Here is a description from Bell Labs of their work:


The scientific discoveries and technological innovations produced by Bell System research and engineering were critical not only to the evolution of global telecommunications but, more widely, they had a considerable impact on the technological base of the global economy and, indeed, on our daily lives.

Bell Labs is the source of many significant contributions, of course, in the area of telephony, but also in memory devices, imaging devices, system organization, computers and software technology, as well as acoustics, optics, switching, transmission, wireless and data communication.

New principles, new materials, new devices, and new systems from Bell Telephone Laboratories resulted in new industries, hundreds of new products, and thousands of new jobs. The invention of the transistor in 1947, and subsequent advances in related solid-state device and circuit technology formed the basis of a multibillion dollar global industry and ultimately enabled the digital world.

Shannon's seminal paper titled "A Mathematical Theory of Communication," published over 60 years ago, gave birth to Information Theory and has stood as the guiding foundation for communications scientists and engineers in their quest for faster, more efficient, and more robust communications systems ever since.

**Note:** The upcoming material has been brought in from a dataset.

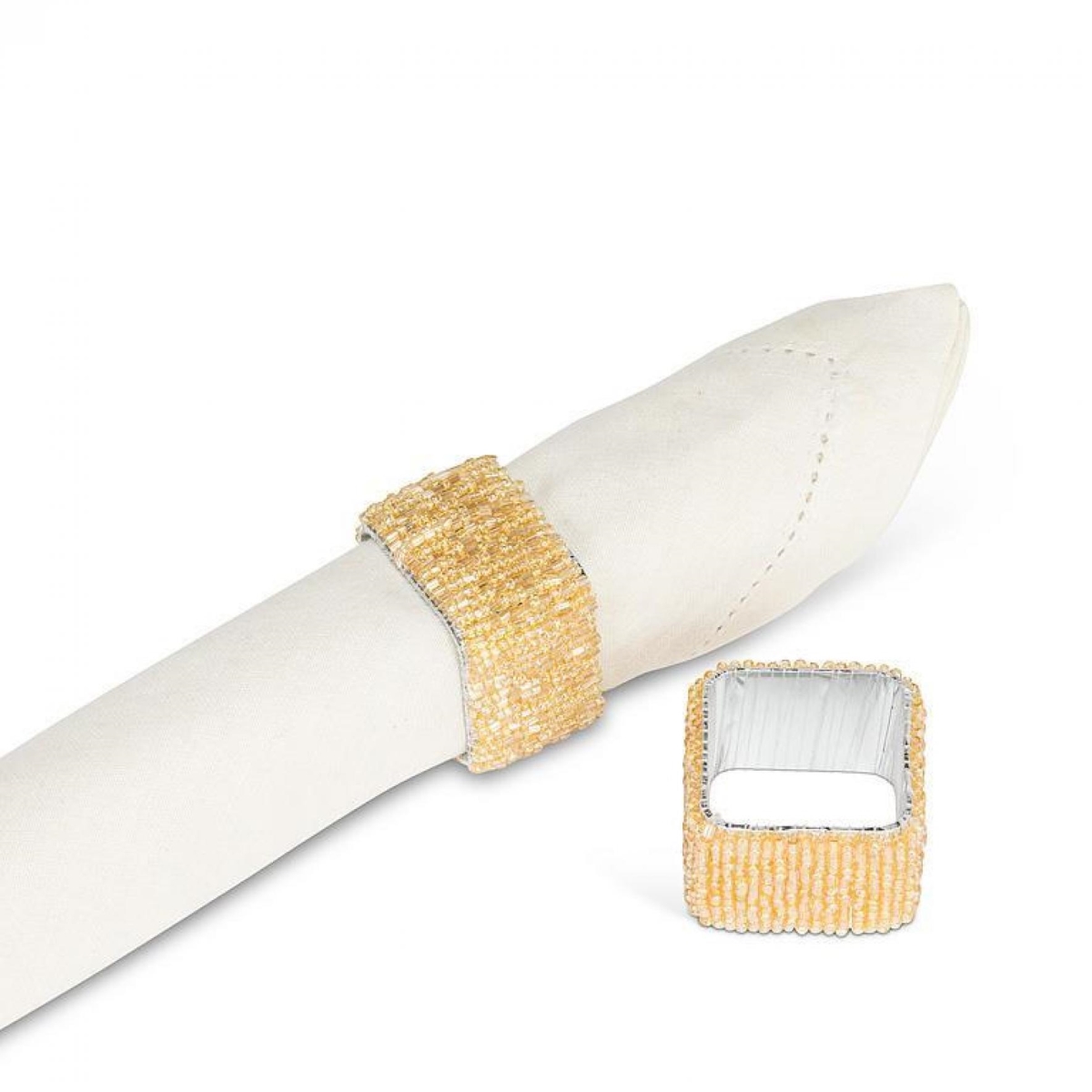 Picture of MDR Trading AB-40-GLAMOUR-07-GOLD 1.5 in. Square Beaded Napkin Ring - Gold - Set of 4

The charge-coupled device (CCD), a technology that transforms patterns of light into useful digital information, is the basis for many forms of modern digital imaging. It has launched entirely new industries and markets and is widely used in devices as diverse as digital cameras, video cameras, and bar code readers as well as in security monitoring, medical endoscopy, modern astronomy and video conferencing. Optical technology and systems, from earliest advances in lasers to low-loss fiber, opto-electronic waveguide devices, and high capacity WDM transmission systems have enabled worldwide connectivity to build a truly global community.

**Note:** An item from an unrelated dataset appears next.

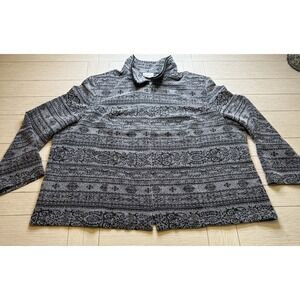 90s Fashion Bug Aztec Jacket Tapestry Southwestern Geometric‎ VTG Blk & Gray 4XL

Cellular telephone service, the concept that multiple lower-power transmitters could be spread throughout a region employing automatic call handoff and frequency reuse changed the face of communications. Multiple input multiple output (MIMO) smart antenna technology in concert with LTE, based on OFDM technology, will define next generation wireless, delivering wider coverage and higher throughput.

"Technological innovation" is more than just invention. It is a process, often long and costly, of transforming new scientific knowledge into feasible technology, introducing it to use, and making its benefits available to the public. "Technical integration" is intended to emphasize the more subtle flow of an intangible—engineering information and understanding. Not only has Bell Labs innovated, but it also showed the world technical integration of the innovations.